Les États-Unis rencontrent, à une plus grande échelle, les bouleversements économiques et sociaux que connaissent les européens, dans un monde où tout se sait en temps réel, et sous la forme la plus brutale.

Aucun homme conscient, dans le coin le plus reculé du monde, n'ignore où se trouvent les régions les plus prospères, les plus ordonnées, et où il devrait faire bon vivre. Et s'il faut aller quelque part pour survivre, la distance ne compte plus.

Face à cette évidence, les premiers occupants de ce "meilleur des mondes", invités à se serrer pour faire de la place aux candidats, se sont mis à grogner, voire à haïr, sans même les avoir vus, ces hommes et femmes qui s'invitent en nombre et en force, mais sans violence.

La situation se complique, en Europe, avec l'apparition de forces militantes, qui ne se contentent pas de se dévouer à l'accueil de ces misérables, mais leur soufflent qu'ils sont chez eux, et peuvent prendre toute la place qui leur convient. Elles ne cachent pas leur hostilité méprisante envers leurs compatriotes au coeur dur, craignant pour leur petit confort.

En face d'elles, d'autres associations prônent le rejet pur et simple des réfugiés, auxquels, il est vrai, se mêlent des migrants "économiques", quand ce ne sont pas des terroristes en mission.

Il en résulte que la charité, notre meilleure valeur, est la première perdue dans le conflit. Car elle est présentée comme obligatoire et sans limites. Il n'est plus question de dire qu'elle doit commencer par soi-même.

Nous avons tendance à penser que nous sommes les seuls concernés, nous, européens, par ces grands mouvements de population à la recherche de paix, de liberté, de sécurité, agrémentés de l'alimentation suffisante.

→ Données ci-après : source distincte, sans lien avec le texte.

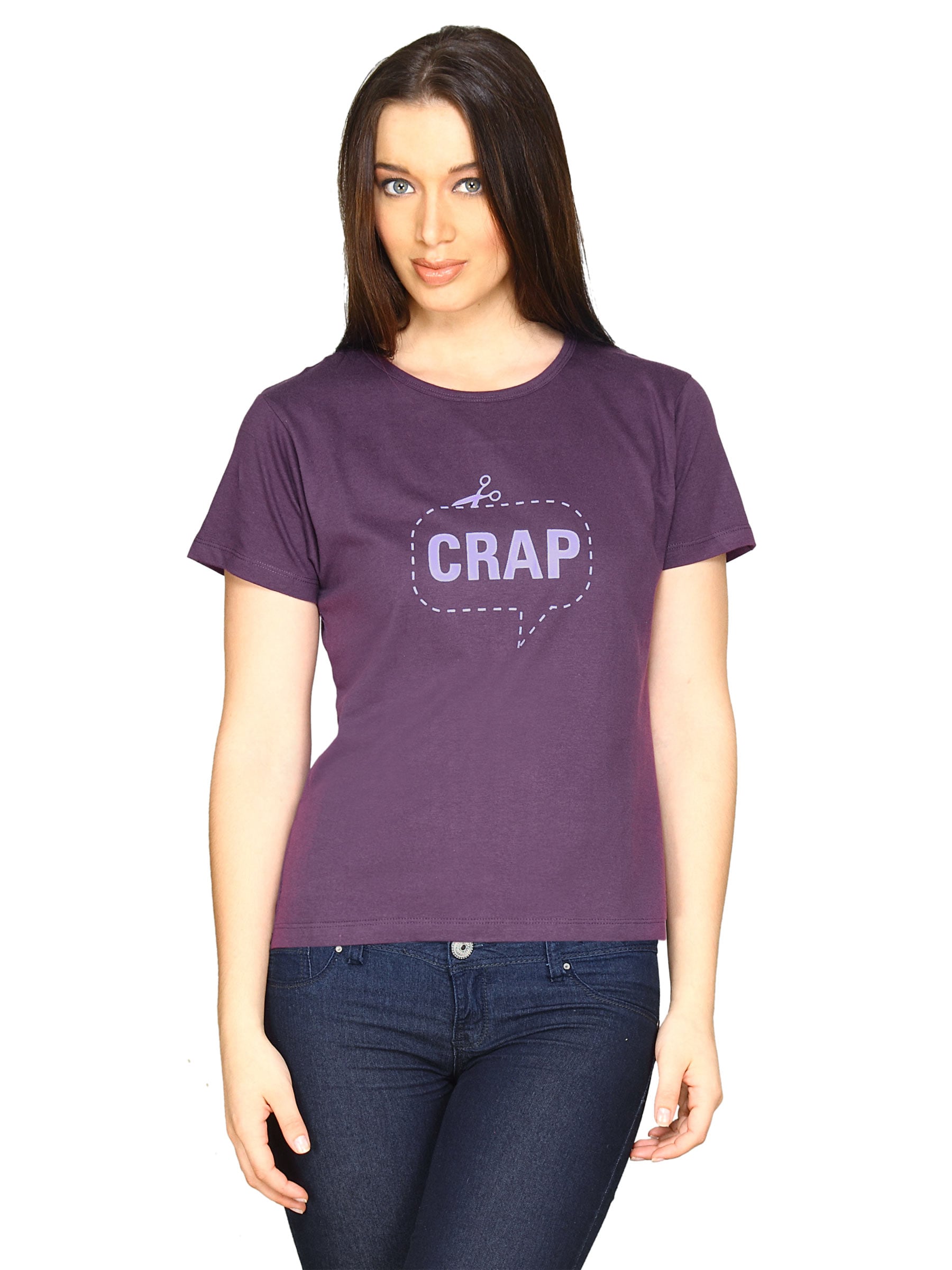 Tantra Women's Cut Crap Purple T-shirt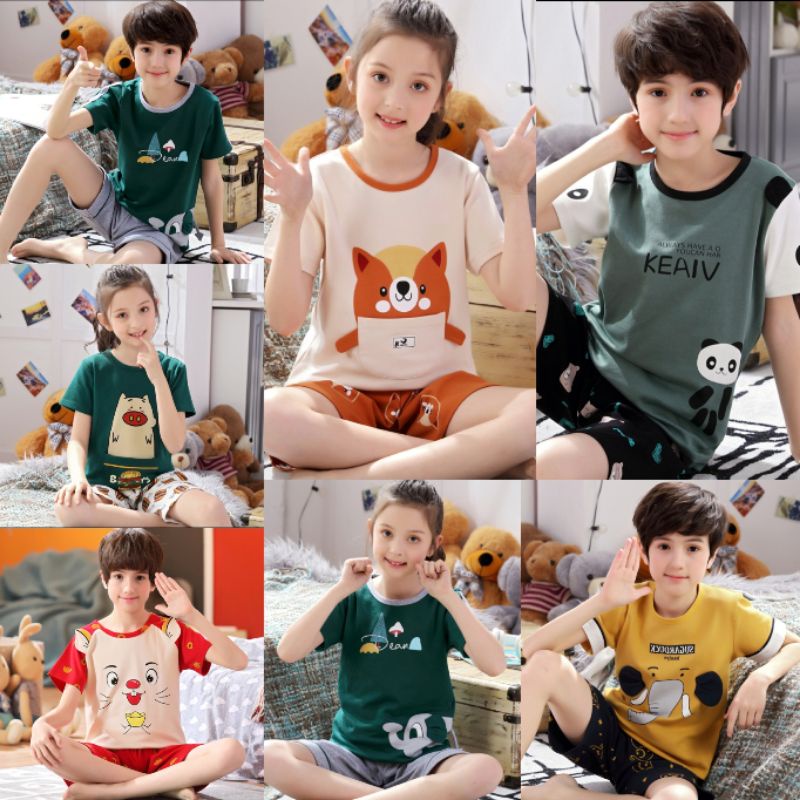 Stelan hotpant piyama anak laki cewek /baju tidur/baju santai anak impor|Setelan baju anak unisex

Si les États-Unis, et le Canada voisin, ne reçoivent pas en première intention les réfugiés du moyen-orient et de l'Afrique, ils sont, eux, submergés par le flot remontant de l'Amérique du Sud et de la Centrale, qui s'est amplifié depuis un siècle, et bénéficie de nos jours de cette information en temps réel, qui raconte leurs avatars, mais aussi leur chance d'être arrivés à bon port. Chaque succès d'un émigrant, active, ou réactive, d'autres projets.

Les européens déversent leurs craintes de toutes sortes dans les oreilles des partis populistes, comme le FN en France, les américains se tournent vers leur Parti Conservateur. C'est ce parti qui est le plus proche de leurs inquiétudes puisque il est nostalgique de l'Amérique du 19ème siècle, pieuse, blanche, et agricole, pas encore bousculée par le flot des miséreux, des persécutés, des pourchassés, arrivant de l'Europe quelques décennies plus tard.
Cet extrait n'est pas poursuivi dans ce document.